Submitted by MedHeadlines on 15 March, 2009 – 21:34No Comment

Chief executive officers (CEOs) of major US companies gather each year for a Business Roundtable in which they discuss the issues affecting their businesses.  This year, health care is a hot topic and the consensus is that the current dismal state of health care in the country affects the global, as well as the national, economy.  They base their findings on a cost-to-value ratio that compares the dollar amount spent on health care with the value received for that care.

These CEOs are describing the American healthcare system as a liability on the global economy and have called out for years to put some controls on healthcare costs, especially since the burden of the expense falls so heavily on the nation’s employers.  In the report issued by the group, the corporate executives express the willingness to pay more if only they got better value for the money invested.

The report asks for reform but does not endorse government-run healthcare systems similar to those of other industrialized (advanced) nations.  It suggests, instead, that health care should remain privatized but with a safety net backed by the government to assist people of limited means.

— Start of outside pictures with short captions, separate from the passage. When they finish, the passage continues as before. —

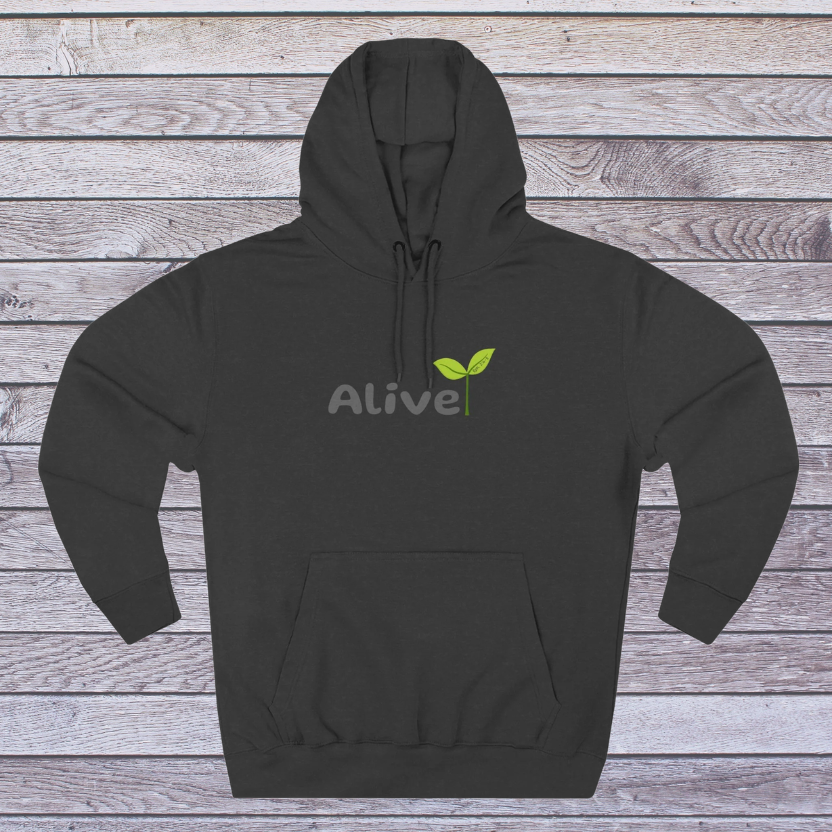 Charcoal Heather hoodie with 'Alive' logo on a wooden surface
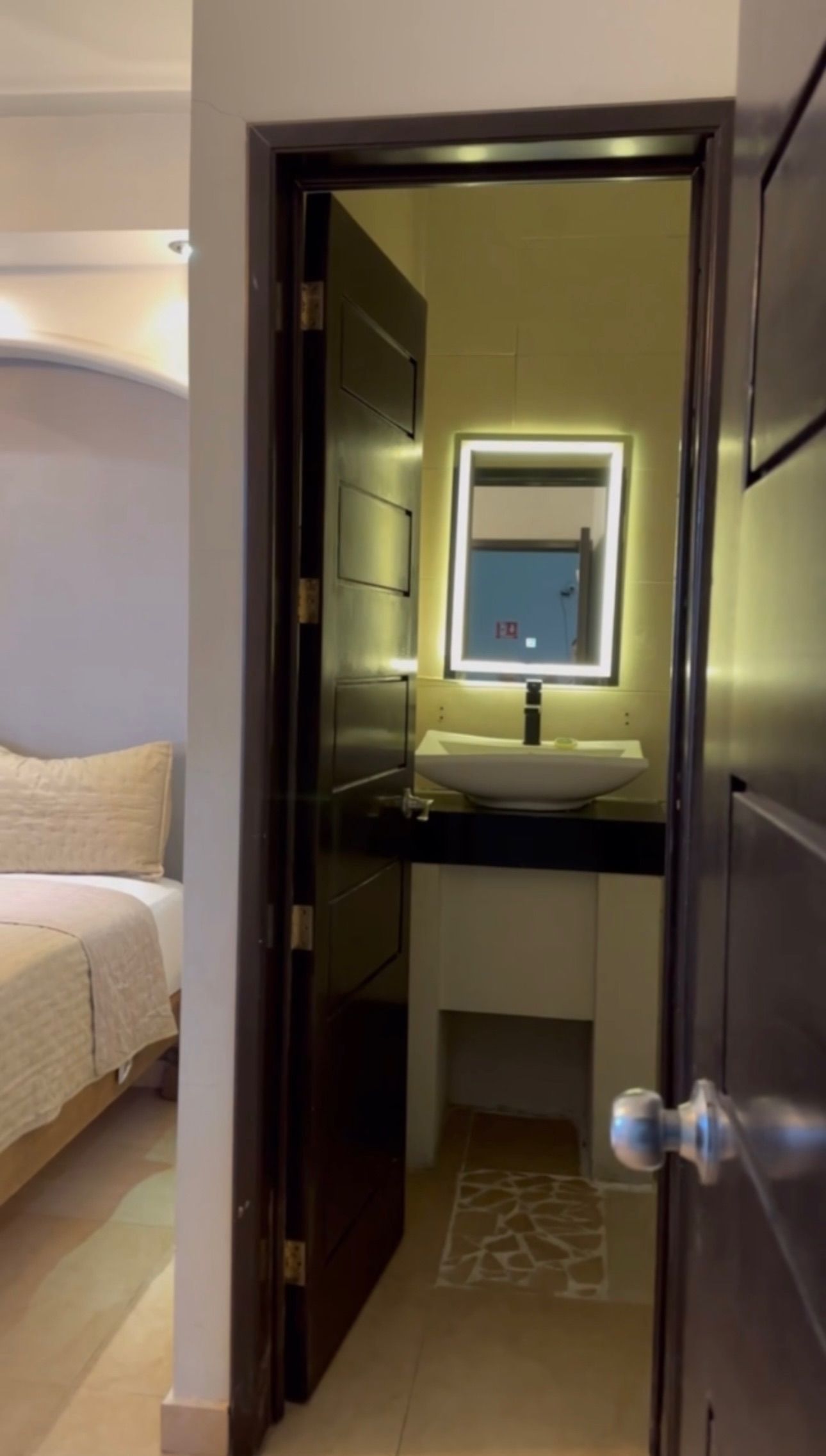 Una habitación de hotel con una cama, un baño con un espejo y un lavamanos, y una puerta que da a otra habitación.
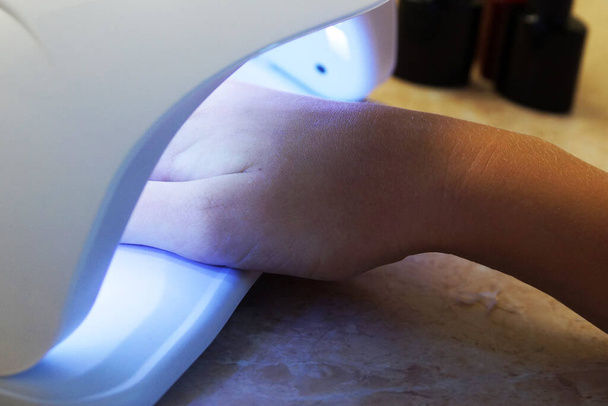 Çivi manikürü için ultraviyole lamba takan kadın eli. - Fotoğraf, Görsel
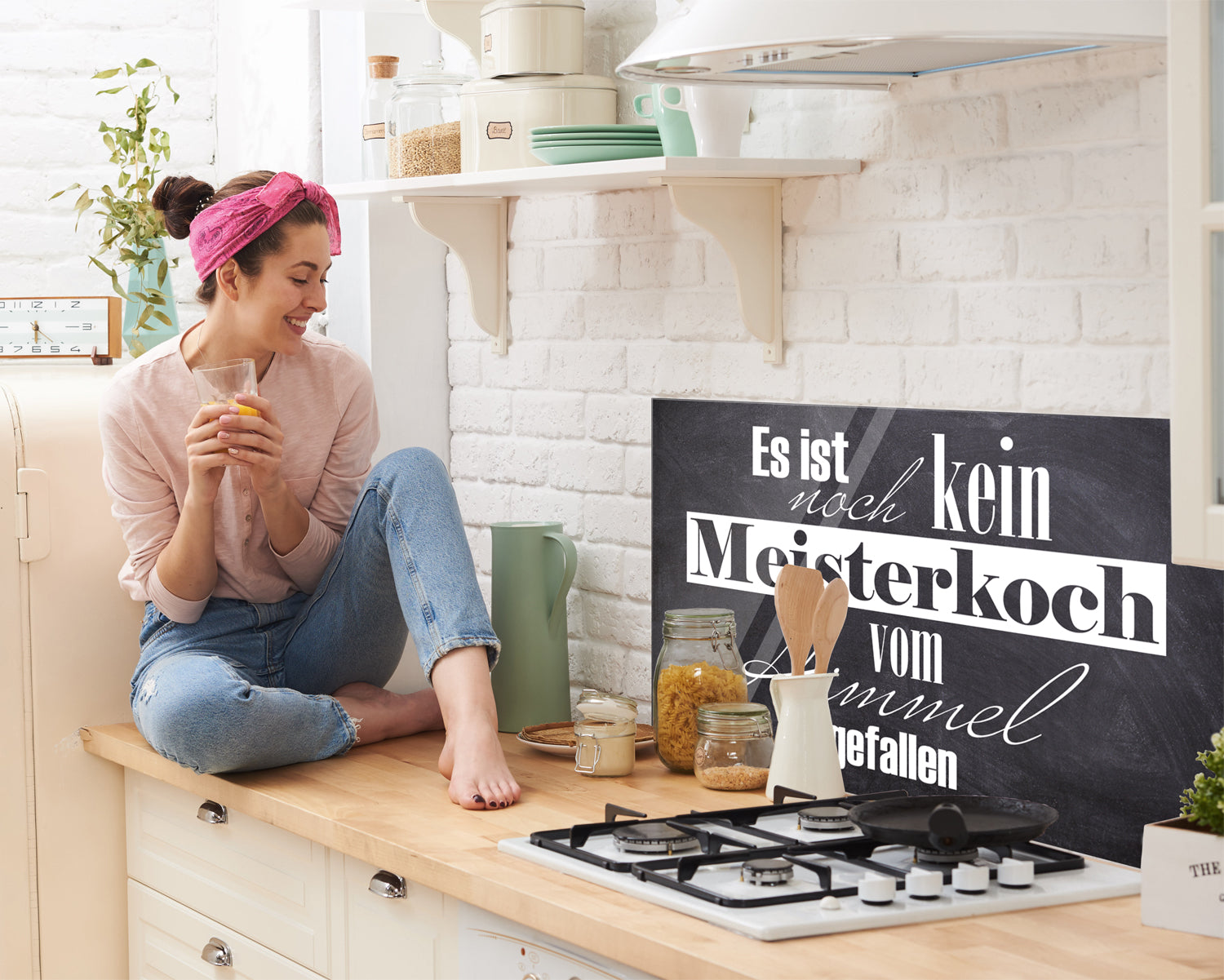 Schwarzes Schild mit weißem Text, Küchenumgebung, fröhliche Frau.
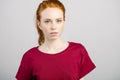 Beautiful young redhead girl with clean fresh face and neutral emotions close up Royalty Free Stock Photo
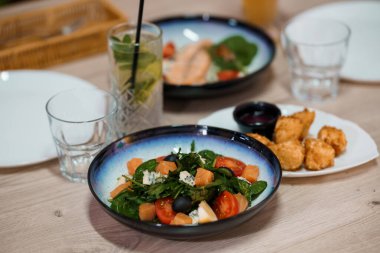 Somon salatası, içecek, aperatifler ve ahşap yüzeyde boş tabaklar ile nefis bir restoran masası..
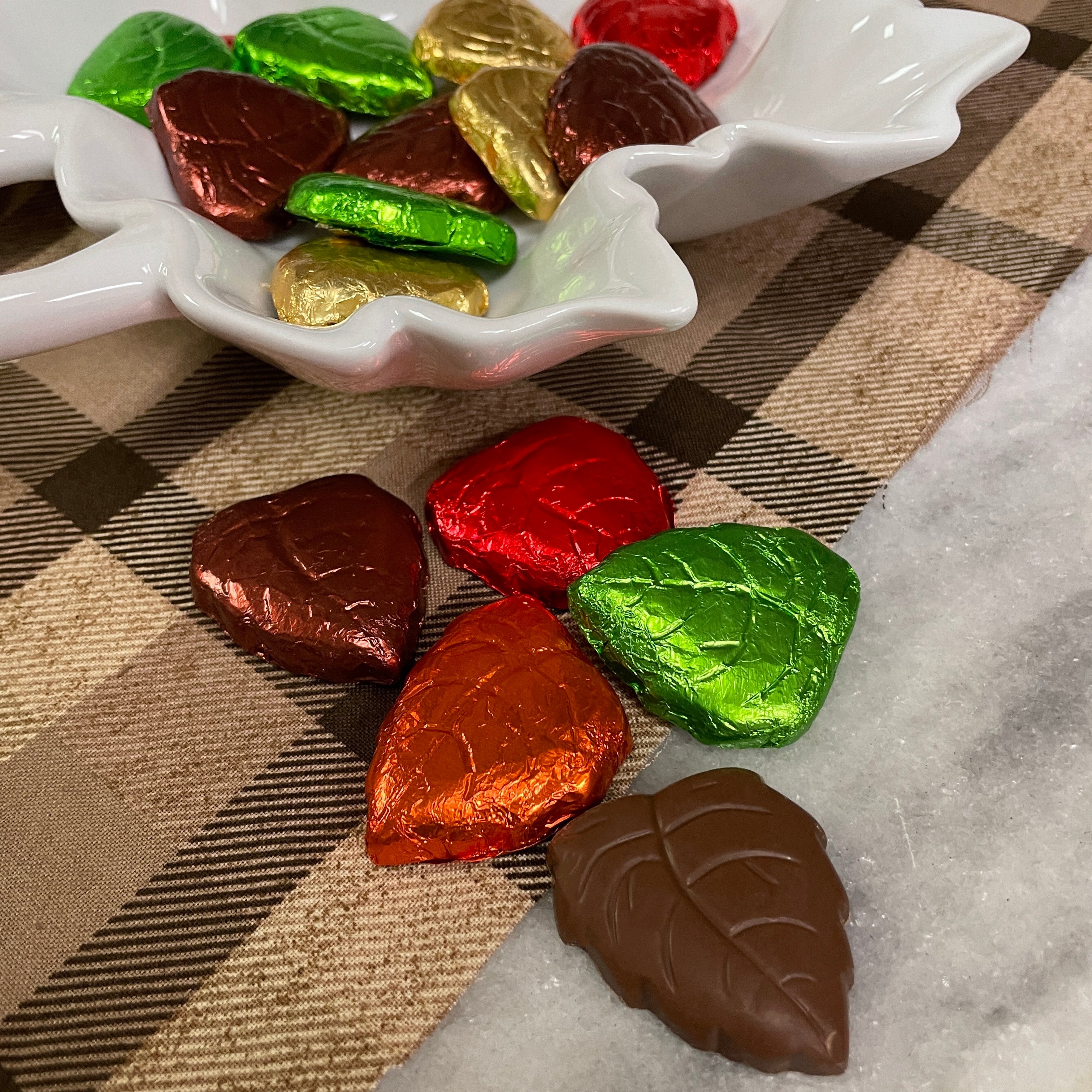 Solid Milk Chocolate Leaves, folied in red, orange, gold, brown, and green.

During roundtable discussions, healthcare value was identified as life expectancy, cholesterol readings, blood pressure, death rates, and similar measures of health.  When comparing the dollar amount spent to the health of the citizenry, the roundtable findings include:

  • $2.4 trillion a year is spent on health care in the US
  • On a per-capita basis, that’s $1,928 per person for 2006
  • $1,928 per capita is 250% more than any other advanced nation spends
  • On a cost-to-value basis, the US is 23 points behind its five top economic competitors (Canada, France, Germany, Japan, and the United Kingdom)
  • The governments of these five nations play a bigger role in their healthcare systems than the US does although each nation operates on a different healthcare system
  • The US is 46 points behind its closest emerging competitors (Brazil, China, and India).

The roundtable report highlights the fact that other nations pay less for health care but have healthier citizens.  It also addresses the matter of US healthcare dollars being funneled into a less-healthy workforce at the expense of the rest of the economy.  For example, General Motors spends more money per car on employee health care than it does for steel, according to the report.